Crawled caption data
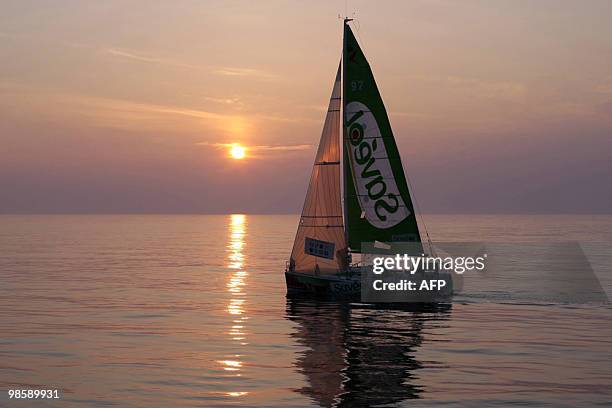 English skipper Samantha Davies and French skipper Romain Attanasio sail off French's coast on their "Saveol" monohull on April 18 during the AG2R LA...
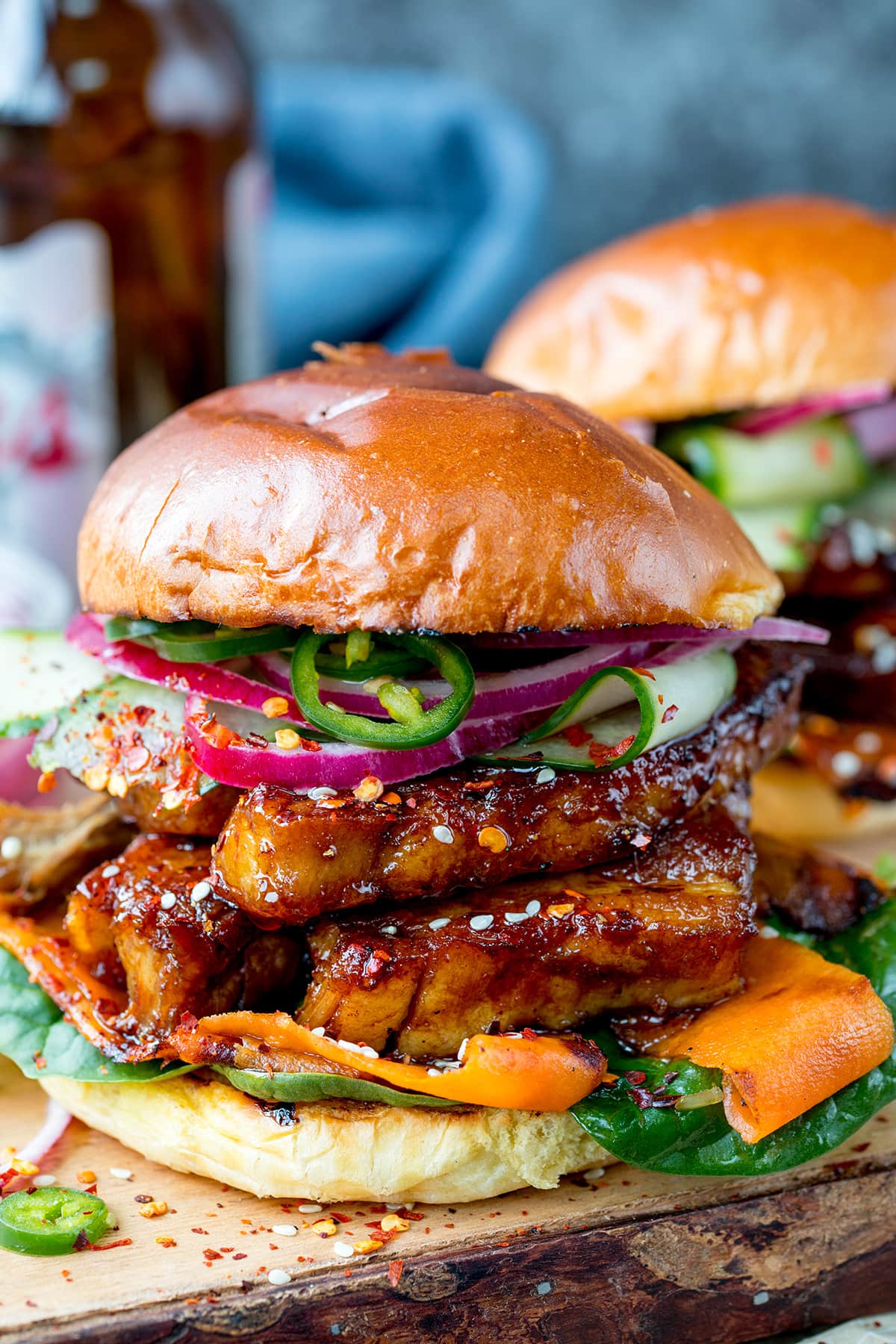 Side on image of a sticky pork belly burger with carrot, spinach, red onion and jalapeños on a brioche bun. The burger is on a wooden board and there is a further burger in the background, just in shot.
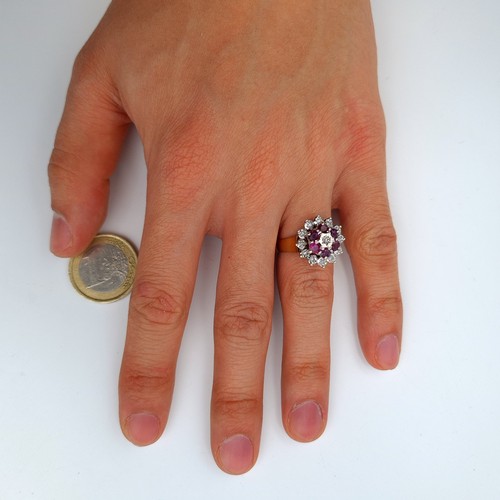 569 - Star Lot: A 9 carat gold wide band Ruby and and single cut Diamond cluster ring. This stunning ring ... 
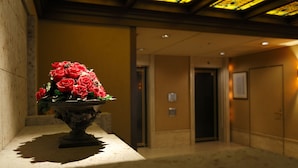 A reception area with a vase of red flowers on a counter, a tiled floor, and a hallway with doors. - Ryogoku View Hotel (Tokyo)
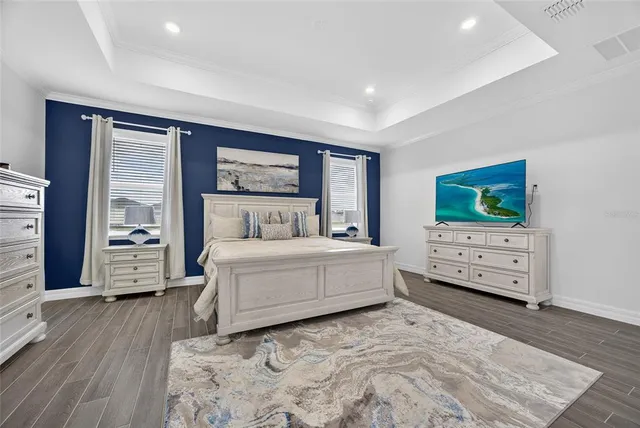 a large white bathroom with a double vanity sink a mirror and a bathtub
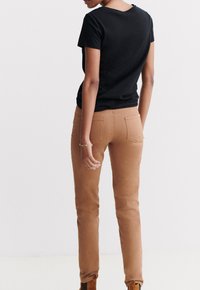 Camiseta negra de algodón combinada con jeans ceñidos color beige. La camiseta tiene un escote redondeado; los jeans cuentan con bolsillos traseros y una textura suave.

EXERCISE BRIEF: Leave the images behind and write out every entry exactly.

RESPONSE:
 English skipper Samantha Davies and French skipper Romain Attanasio sail off French's coast on their "Saveol" monohull on April 18 during the AG2R LA...
 Side on image of a sticky pork belly burger with carrot, spinach, red onion and jalapeños on a brioche bun. The burger is on a wooden board and there is a further burger in the background, just in shot.
 569 - Star Lot: A 9 carat gold wide band Ruby and and single cut Diamond cluster ring. This stunning ring ... 
 A reception area with a vase of red flowers on a counter, a tiled floor, and a hallway with doors. - Ryogoku View Hotel (Tokyo)
 a large white bathroom with a double vanity sink a mirror and a bathtub
 Camiseta negra de algodón combinada con jeans ceñidos color beige. La camiseta tiene un escote redondeado; los jeans cuentan con bolsillos traseros y una textura suave.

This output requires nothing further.